My sister is in tears as she calls my name. She watches my eyes flutter from opened to closed, her green eyes averting between her thumb on my pulse and my empty stare. Does she know that if I'm going to die, I'd want to die in peace? Izabel never understood me from the beginning.
"Don't call 9-11." My voice is strained and weak. I don't even think she comprehends what I say.
She calls my name again, demanding that I get up off the floor, if I can hear her, whatnot. When I see her look to the wireless phone on our coffee table, I know I am fucked. Today is not my day to disappear from the stress of my eating disorder. The never ending battle between my incompetent, starving body and futile brain.
Of course she gets up and prances to the phone with her perfect twenty-three inch waist. How could she be so selfish? As she speaks on the phone to the emergency dispatcher, I have just about enough strength to roll my eyes.
My body is a placid pond, still and ductile. There is no way I'm languishing before the medics get here. The pills aren't working fast enough, for God's sake.
But I am found to be mistaken. To my amazement twenty seconds into overhearing Izabel pour out all of my information to the dispatcher, I close my eyes and feel my breathing stress further til I can no longer feel my lungs expanding. I am whole again in my final moment. I have found my solace.
•
My mother is angry with me. Her professionally done threaded eyebrows are knitted together but no words escape from her mouth. She patiently waits.
"I'm not eating this." I say, pointing my manicured finger at the roast beef on the plate. I'm almost tempted to wave it in her face as I inform, "Beef is fatteni-"
"Oh, stop it already!" She shouts at me. "I don't even want to begin with what could have happened had Izabel not come home in time." She wants to say more but refrains. She knows she won't get through to me in the way she could her perfect younger, skinnier daughter.
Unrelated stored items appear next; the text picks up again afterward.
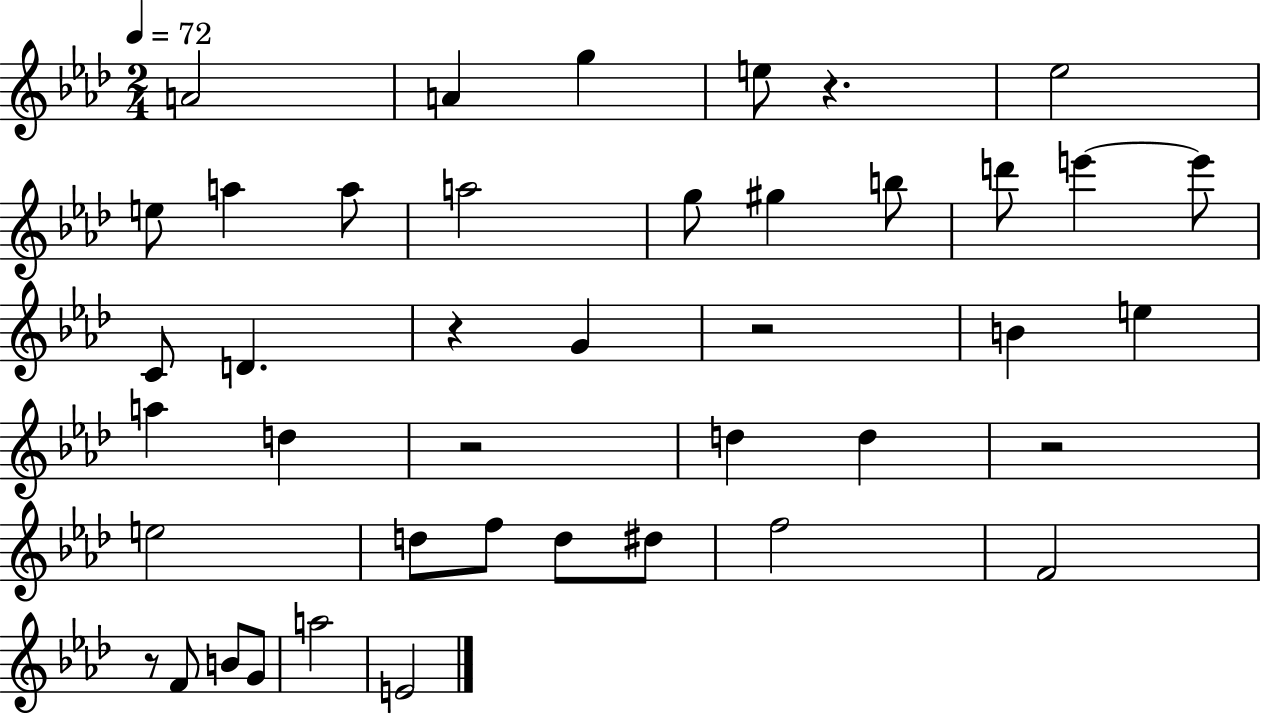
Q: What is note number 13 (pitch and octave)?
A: D6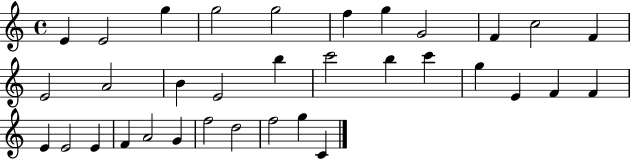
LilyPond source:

{
  \clef treble
  \time 4/4
  \defaultTimeSignature
  \key c \major
  e'4 e'2 g''4 | g''2 g''2 | f''4 g''4 g'2 | f'4 c''2 f'4 | \break e'2 a'2 | b'4 e'2 b''4 | c'''2 b''4 c'''4 | g''4 e'4 f'4 f'4 | \break e'4 e'2 e'4 | f'4 a'2 g'4 | f''2 d''2 | f''2 g''4 c'4 | \break \bar "|."
}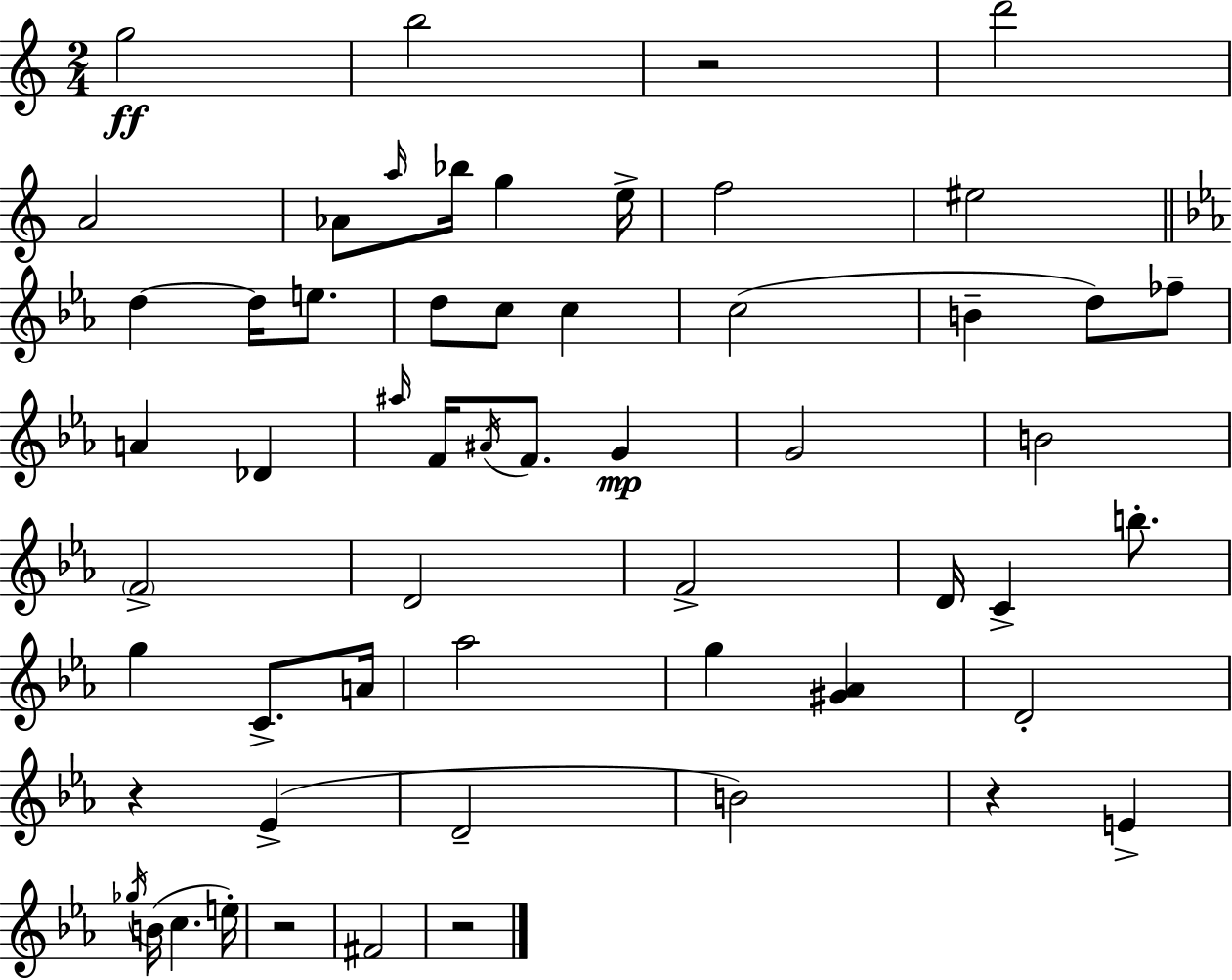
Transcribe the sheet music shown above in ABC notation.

X:1
T:Untitled
M:2/4
L:1/4
K:C
g2 b2 z2 d'2 A2 _A/2 a/4 _b/4 g e/4 f2 ^e2 d d/4 e/2 d/2 c/2 c c2 B d/2 _f/2 A _D ^a/4 F/4 ^A/4 F/2 G G2 B2 F2 D2 F2 D/4 C b/2 g C/2 A/4 _a2 g [^G_A] D2 z _E D2 B2 z E _g/4 B/4 c e/4 z2 ^F2 z2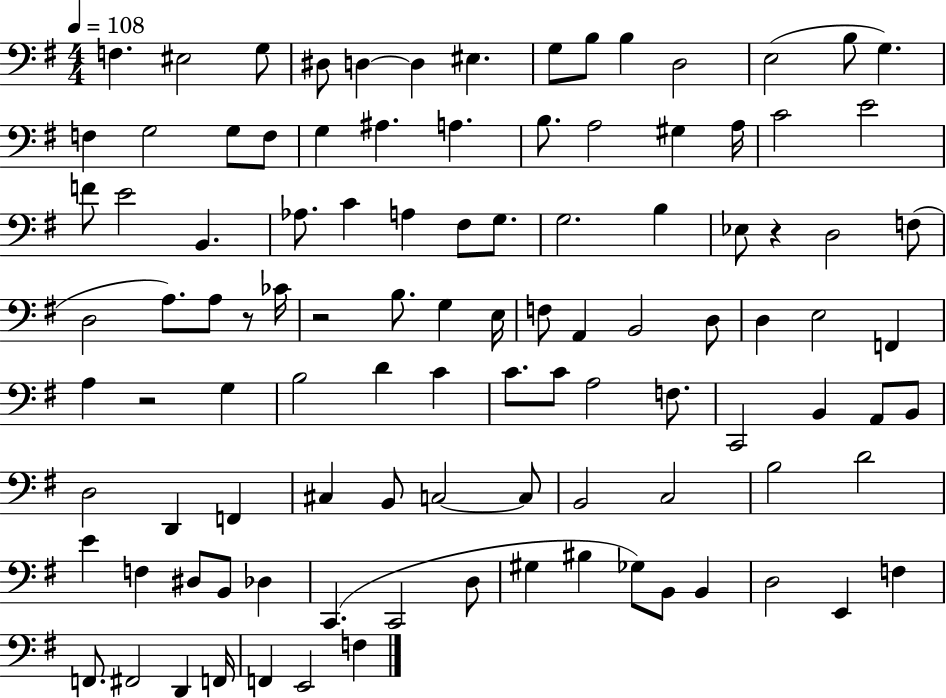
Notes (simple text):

F3/q. EIS3/h G3/e D#3/e D3/q D3/q EIS3/q. G3/e B3/e B3/q D3/h E3/h B3/e G3/q. F3/q G3/h G3/e F3/e G3/q A#3/q. A3/q. B3/e. A3/h G#3/q A3/s C4/h E4/h F4/e E4/h B2/q. Ab3/e. C4/q A3/q F#3/e G3/e. G3/h. B3/q Eb3/e R/q D3/h F3/e D3/h A3/e. A3/e R/e CES4/s R/h B3/e. G3/q E3/s F3/e A2/q B2/h D3/e D3/q E3/h F2/q A3/q R/h G3/q B3/h D4/q C4/q C4/e. C4/e A3/h F3/e. C2/h B2/q A2/e B2/e D3/h D2/q F2/q C#3/q B2/e C3/h C3/e B2/h C3/h B3/h D4/h E4/q F3/q D#3/e B2/e Db3/q C2/q. C2/h D3/e G#3/q BIS3/q Gb3/e B2/e B2/q D3/h E2/q F3/q F2/e. F#2/h D2/q F2/s F2/q E2/h F3/q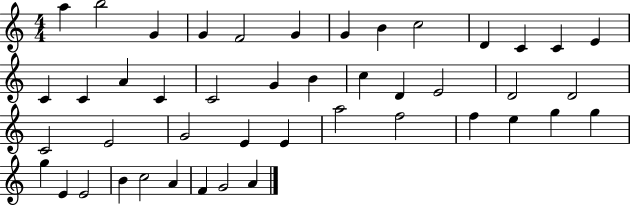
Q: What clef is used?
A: treble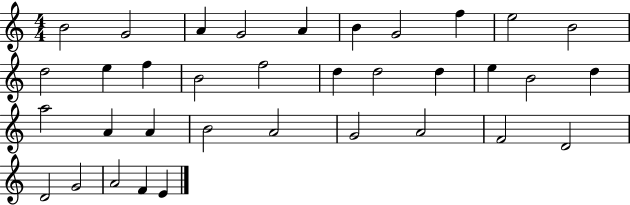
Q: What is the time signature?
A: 4/4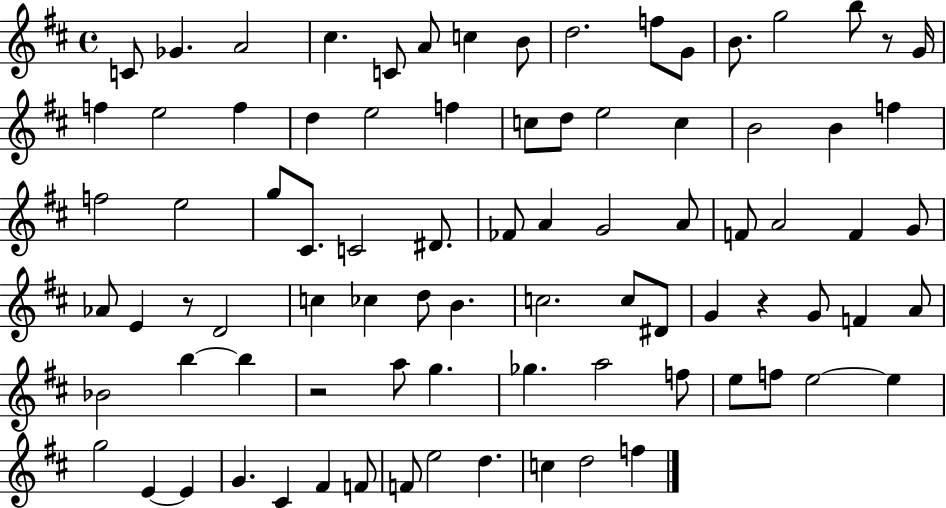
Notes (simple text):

C4/e Gb4/q. A4/h C#5/q. C4/e A4/e C5/q B4/e D5/h. F5/e G4/e B4/e. G5/h B5/e R/e G4/s F5/q E5/h F5/q D5/q E5/h F5/q C5/e D5/e E5/h C5/q B4/h B4/q F5/q F5/h E5/h G5/e C#4/e. C4/h D#4/e. FES4/e A4/q G4/h A4/e F4/e A4/h F4/q G4/e Ab4/e E4/q R/e D4/h C5/q CES5/q D5/e B4/q. C5/h. C5/e D#4/e G4/q R/q G4/e F4/q A4/e Bb4/h B5/q B5/q R/h A5/e G5/q. Gb5/q. A5/h F5/e E5/e F5/e E5/h E5/q G5/h E4/q E4/q G4/q. C#4/q F#4/q F4/e F4/e E5/h D5/q. C5/q D5/h F5/q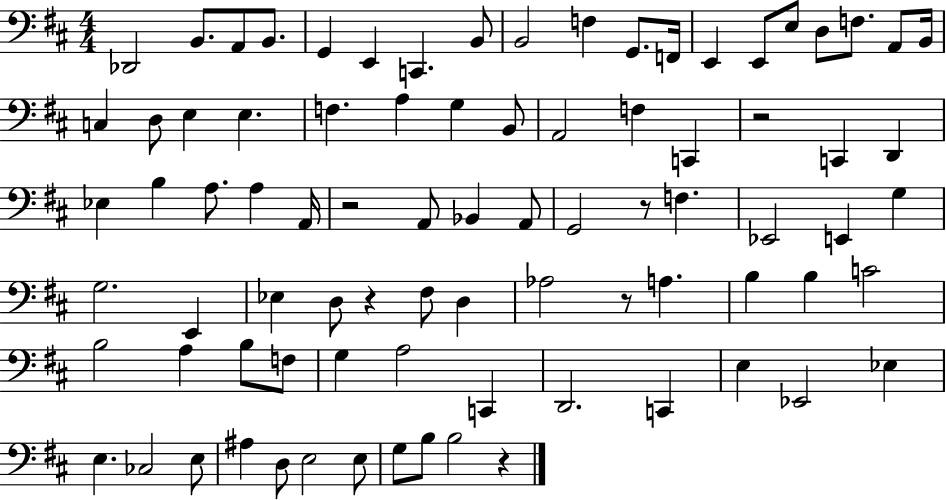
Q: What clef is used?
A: bass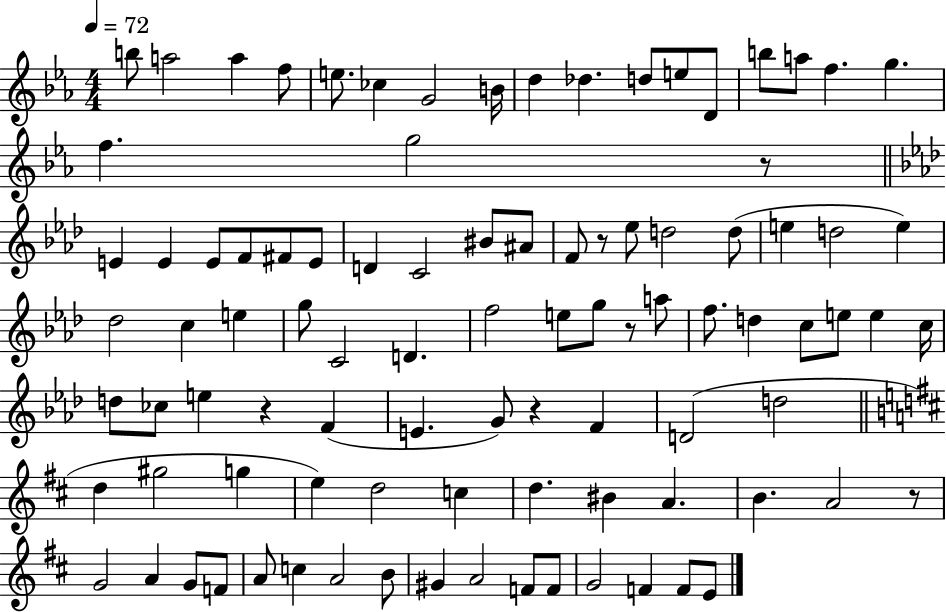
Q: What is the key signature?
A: EES major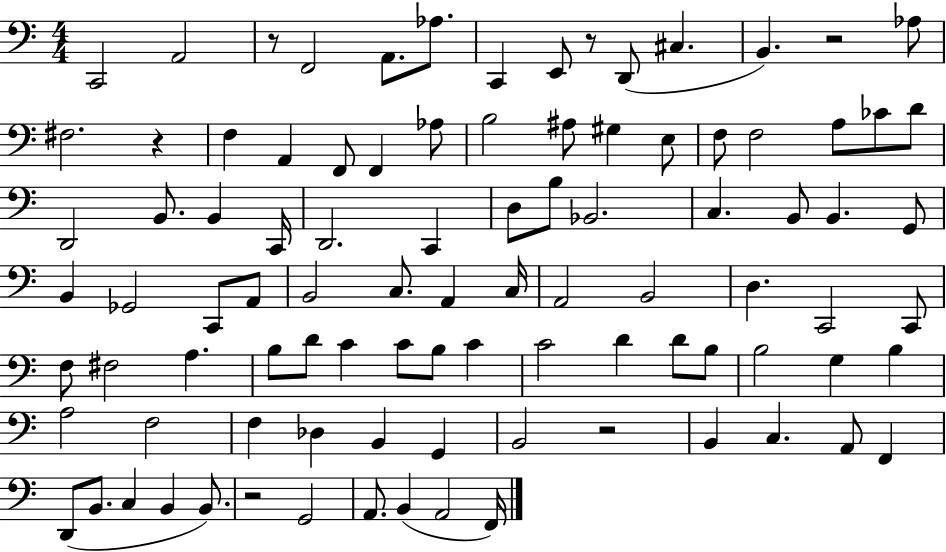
X:1
T:Untitled
M:4/4
L:1/4
K:C
C,,2 A,,2 z/2 F,,2 A,,/2 _A,/2 C,, E,,/2 z/2 D,,/2 ^C, B,, z2 _A,/2 ^F,2 z F, A,, F,,/2 F,, _A,/2 B,2 ^A,/2 ^G, E,/2 F,/2 F,2 A,/2 _C/2 D/2 D,,2 B,,/2 B,, C,,/4 D,,2 C,, D,/2 B,/2 _B,,2 C, B,,/2 B,, G,,/2 B,, _G,,2 C,,/2 A,,/2 B,,2 C,/2 A,, C,/4 A,,2 B,,2 D, C,,2 C,,/2 F,/2 ^F,2 A, B,/2 D/2 C C/2 B,/2 C C2 D D/2 B,/2 B,2 G, B, A,2 F,2 F, _D, B,, G,, B,,2 z2 B,, C, A,,/2 F,, D,,/2 B,,/2 C, B,, B,,/2 z2 G,,2 A,,/2 B,, A,,2 F,,/4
"Izabel – what a gem." I drawl.
Catalina looks furious. Her coloured eyes light up in a livid shade of ice blue, which often turn to sea green when she is in a great mood – a cause I'm obviously not helping. I don't care. I still cannot believe she took time off work for this. As if she needs to be home to babysit me. And I'm clearly not stupid enough to try again a day later.
"I don't understand, Amanda. You have friends, good grades, intelligence – things people envy. Why would you do this to yourself?"
I don't say anything to her. She would never understand. I can't tell her I'm sick of trying to maintain my perfect weight. She and Izabel naturally have tiny frames, having no idea what it's like to be grotesque and hideous.
"I don't know," I choose my words wisely.
My mom stands up from her seat and goes to the phone. She dials a number from the phone book. "I was hoping we could talk things out and it wouldn't have to lead to this,"
She is helpless to her devotion to being my mother.
I roll my eyes in disgust. How could one care for me? I am disgusting. A bottom feeder in my bubble of close friends who worship falsehood.
I listen to my mother chatting to the shrink's office. She spills out every little intricate detail about involving my latest suicide attempt, my eating disorder and horrible attitude problem to the pitiful receptionist. I am a monster in Catalina's eyes. A fat, defeated monster concealing pure hatred and disdain under my rippling flesh. My flippant front fools nobody. She rolls her eyes at my calmness and stoicism, the curve at the end of my mouth that turns upwards at her belligerence.
I remain calculating at all times in my life, forever looking over my shoulder. It is typical of popular girls with serious life-threatening diseases such as anorexia or major depression. We are burdened while expecting to be perfect. My mother forced me to quit ballet at twelve the moment she saw me forcing vomit out of my stomach, two fingers down my throat. I blamed my teacher who said my frame was bigger than average ballerinas. Typical beginnings to the problems that encapsulate us in our vicious cycles as we strive to be exceptional.